Hot Air: Wake Me When It’s Over

Worst Cases

You Guys Win, Okay?

Loads of “sovereign citizen” types say we have to arm ourselves against a tyrannical government. Of course, what they really mean is a government that shares their tax dollars with people they despise, like dark-skinned folks and Muslims and speakers of Spanish.

Similar types also say we must arm ourselves for the day when our holy land’s society breaks down, when the government collapses and the bad guys rule the streets and the fields.

Me? I’ll have no interest in hanging around should either of these potentialities come to be. The gun-toting militias and “sovereign citizens” would be doing me and my loved ones a favor by icing us with nice, clean kill shots to the brain. They can have the spoils, such as they may be.

Hit Me!

On that note, a friend revealed the other day that her brother-in-law is stockpiling canned and otherwise hermetically-sealed foodstuffs because he’s sure nuclear war is about to break out any minute.

Same deal. Should cartoon-character nemeses President Gag and Kim Jong-un press their respective launch buttons my fondest wish is an N. Korean ICBM’s payload would score a direct hit on my cranium. I don’t care to see the flash.

Is life so precious any sentient being would want to live it in a nuclear wasteland or a madhouse ruled by armed dick-wavers?


If you stockpile guns, including semi-automatic and fully automatic firearms, you are, de facto, a crazy emm-effer and, effectively, a danger to society.


Here are a few quick stats:

  1. The American Heart Association in 2015 said some 70 percent of the citizenry of this holy land either don’t know or have forgotten how to perform Cardiopulmonary Resuscitation.
  2. Last November the AHA said only 18 percent of American adults have received up-to-date training and certification in CPR.
  3. At the same time the AHA revealed factoid No. 2, the Pew Research Center found that nearly half of American white males (48%) own at least one gun.

The conclusion? I’ll let you draw your own.

A Hard Fall

I was digging through boxes in the garage the other day and came upon some old DVDs. One was a boxed set of the best of the Larry Sanders Show, one of my hands-down favorite television programs of all time, right up there with Arrested Development, Curb Your Enthusiasm, Better Call Saul, Mystery Science Theater 3000, the Addams Family, and any of those BBC nature productions with David Attenborough.

So, of course, I had to binge watch the Sanders episodes and one of them featured a guest appearance by Brett Butler.

Now, Butler was the top of the heap for all those 1990s stand-up comics who made it so big they were given their own TV sitcoms. She and Roseanne Barr fought it out for top dog status in the Neilsen ratings for several years. Butler’s Grace Under Fire ranked fifth and fourth in the Neilsens in its first two years on ABC. It was the story of a young, decidedly unglamorous woman who’d ditched her abusive husband and, with her three kids, struck out on her own.
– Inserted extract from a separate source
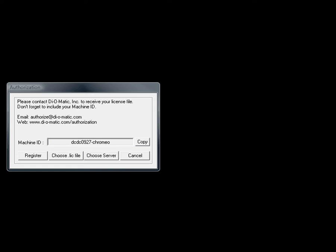Once this is done, the following is true for all other machines that want to access your installed licenses. Once you see this dialog here, you simply need to click Choose Server.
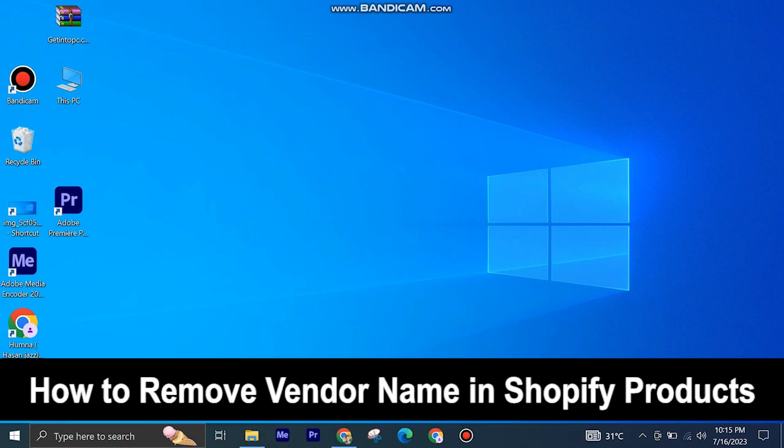Here's how to remove vendor name in Shopify products. It's quite easy and simple to do, but make sure to watch the full video so you don't miss out on any important steps.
It was a cultural touchstone at the time, celebrating the independent woman as well as the working-class southerner. By the end of 1995, Butler was riding a wave that, it seemed, would last forever.

It didn’t. Flash forward to 2017, the living room of Chez Big Mike, she walked onto a scene in the Sanders Show, and I was jarred. Holy smoke, I said to The Loved One, what the hell ever happened to her?


Natch, I had to find out. It turns out poor Brett Butler carried a monkey on her back. She developed an addiction to painkillers and by the show’s third season, supporting actors started dropping from the cast. According to the mother of one child actor who’d appeared as the son in the show, Butler had flashed her breasts at him. He was 12 years old at the time. Other actors complained of abusive, irrational behavior on the star’s part. By 1998, ABC couldn’t rid itself of Butler quick enough, firing her and cancelling the show. Its rating for the 1997-98 season had fallen to No. 68.

A sad tale, sure, but scads of Hollywood types have hit the skids and somehow found a way to claw back to the top. Butler never did. Here’s where the real sadness comes in: exiled from H-wood, Butler retreated to her farm in Georgia, living there with her 15 pets until all her money ran out. She had to give up the farm and eventually wound up homeless, living for a while in a shelter.

Now Butler’s trying to make a comeback. She does some stand-up in LA — no word on the crowds she does or doesn’t draw — and at one point tried to peddle a sitcom idea based on a woman who has psychic abilities, a talent Butler herself claims to possess.

Butler’s life story would have been perfect for one of those old Lifetime cable channel tearjerkers, only, apparently, she hasn’t gotten back to the top yet. Who knows if she ever will?

I dunno about you, but I’ve never envied any TV and/or movie stars. Hollywood’s a racket that strips its participants of way too much humanity and decency, even if success in the business does allow one the purchase of a farm in Georgia and other trophies of wealth.